Trichothecene Genotype Profiling of Wheat Fusarium graminearum Species Complex in Paraguay.

Paraguay is a non-traditional wheat-producing country in one of the warmest regions in South America. Fusarium Head Blight (FHB) is a critical disease affecting this crop, caused by the Fusarium graminearum species complex (FGSC). A variety of these species produce trichothecenes, including deoxynivalenol (DON) and its acetylated forms (3-ADON and 15-ADON) or nivalenol (NIV). This study characterized the phylogenetic relationships, and chemotype diversity of 28 strains within FGSC collected from wheat fields across different country regions. Phylogenetic analysis based on the sequence of elongation factor-1α gene (EF-1α) from 28 strains revealed the presence of four species in the FGSC: F. graminearum sensu stricto, F. asiaticum, F. meridionale and F. cortaderiae. Ten strains selected for further analysis revealed that all F. graminearum strains were 15-ADON chemotype, while the two strains of F. meridionale and one strain of F. asiaticum were NIV chemotype. Thus, the 15-ADON chemotype of F. graminearum sensu stricto was predominant within the Fusarium strains isolated in the country. This work is the first report of phylogenetic relationships and chemotype diversity among Fusarium strains which will help understand the population diversity of this pathogen in Paraguay.

1. Introduction

Paraguay is one of the few countries that produce wheat in one of the world’s warmest regions and export this cereal regularly [1]. In 2019, Paraguay produced 1.1 million tons of wheat on 430,000 hectares and exported over 460,000 tons of grain to Brazil and other countries [1]. Unfortunately, wheat production in Paraguay is often threatened by several biotic and abiotic factors. Among the biotic limiting factors, FHB is one of Paraguay’s most important fungal diseases affecting wheat production [2]. FHB is caused by members of the Fusarium graminearum species complex (FGSC) [3], which can produce toxins for human and animal health and affect several sectors of the wheat supply chain [4]. The fungal species in the FGSC causing FHB produce trichothecenes that are strong phytotoxins and act as virulence factors to facilitate tissue colonization on sensitive host plants [5,6].

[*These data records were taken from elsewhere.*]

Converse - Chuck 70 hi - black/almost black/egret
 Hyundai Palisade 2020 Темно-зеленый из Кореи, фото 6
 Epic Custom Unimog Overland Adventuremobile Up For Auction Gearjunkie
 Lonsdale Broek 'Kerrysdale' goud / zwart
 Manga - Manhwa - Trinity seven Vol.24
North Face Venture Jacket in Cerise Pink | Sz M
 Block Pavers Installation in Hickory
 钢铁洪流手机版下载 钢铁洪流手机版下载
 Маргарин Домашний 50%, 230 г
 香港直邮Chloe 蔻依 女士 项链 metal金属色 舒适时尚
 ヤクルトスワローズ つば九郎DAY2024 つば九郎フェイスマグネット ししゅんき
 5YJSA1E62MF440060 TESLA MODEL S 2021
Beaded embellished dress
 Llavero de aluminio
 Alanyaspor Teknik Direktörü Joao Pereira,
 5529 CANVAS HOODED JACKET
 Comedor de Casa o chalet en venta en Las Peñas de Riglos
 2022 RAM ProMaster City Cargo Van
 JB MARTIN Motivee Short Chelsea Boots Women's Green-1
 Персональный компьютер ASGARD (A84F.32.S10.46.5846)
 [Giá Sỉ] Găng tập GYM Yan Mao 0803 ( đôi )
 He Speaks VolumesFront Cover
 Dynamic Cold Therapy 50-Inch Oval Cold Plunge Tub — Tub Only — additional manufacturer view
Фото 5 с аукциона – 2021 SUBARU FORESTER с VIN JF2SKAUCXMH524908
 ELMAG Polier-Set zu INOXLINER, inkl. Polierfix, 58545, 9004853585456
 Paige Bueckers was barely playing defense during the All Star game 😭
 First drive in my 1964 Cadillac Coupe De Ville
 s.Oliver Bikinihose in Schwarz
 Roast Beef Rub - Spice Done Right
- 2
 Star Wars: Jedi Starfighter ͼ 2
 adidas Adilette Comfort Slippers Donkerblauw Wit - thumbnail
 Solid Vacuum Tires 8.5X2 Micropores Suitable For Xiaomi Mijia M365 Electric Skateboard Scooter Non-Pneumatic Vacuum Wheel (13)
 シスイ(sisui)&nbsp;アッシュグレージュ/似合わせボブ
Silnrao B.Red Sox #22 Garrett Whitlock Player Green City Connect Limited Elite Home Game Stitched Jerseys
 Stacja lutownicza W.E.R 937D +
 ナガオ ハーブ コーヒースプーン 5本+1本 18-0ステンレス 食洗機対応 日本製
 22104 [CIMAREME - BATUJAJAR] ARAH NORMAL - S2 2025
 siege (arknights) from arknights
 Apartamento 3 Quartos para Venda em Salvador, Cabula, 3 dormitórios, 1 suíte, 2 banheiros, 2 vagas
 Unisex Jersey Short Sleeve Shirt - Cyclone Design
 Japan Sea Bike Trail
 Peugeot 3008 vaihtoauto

Currently, 16 monophyletic species have been identified within the FGSC [7] comprising, F. austroamericanum (lineage 1), F. meridionale (lineage 2), F. boothii (lineage 3), F. mesoamericanum (lineage 4), F. acacia-mearnsii (lineage 5), F. asiaticum, F. graminearum sensu stricto (lineage 7), F. cortaderiae (lineage 8), and eight additional monotypic lineages, including F. brasilicum, F. vorosii, F. gerlachii, F. aethiopicum, F. ussurianum, F. nepalense, F. louisianense, and US Gulf Coast population of F. graminearum [7,8,9,10,11,12,13].

Each Fusarium species has a specific profile of toxic secondary metabolites and a distinction can be made between chemotype I strains producing deoxynivalenol (DON) and (or) its acetylated derivatives and chemotype II strains producing nivalenol (NIV) and (or) 4-acetyl niva-lenol (4-ANIV). In addition, within the DON chemotypes, chemotype IA producing 3-ADON and chemotype IB producing 15-ADON were distinguished [14,15].

The species F. graminearum sensu stricto and F. asiaticum produce 3-ADON, 15-ADON, and NIV. All other species of the FGSC produce mainly NIV and (or) 3-ADON [16] as well as some trichothecene variant forms (15-acetyldeoxyvalenol, 3-acetyldeoxynivalenol, and nivalenol), which are species-specific and associated with pathogenicity [17]. Trichothecene gene cluster has been recognized as a 26-kb segment of DNA constituted of three loci in F. graminearum and F. sporotrichioides: a single-gene TRI101 locus, a two-gene TRI1-TRI16 locus, and a twelve-gene locus. These genes function in the biosynthesis, regulation, and transport of the mycotoxins across the plasma membrane [18,19]. TRI13 and TRI7 are the most important genes to determine the production of DON or NIV genotype [20].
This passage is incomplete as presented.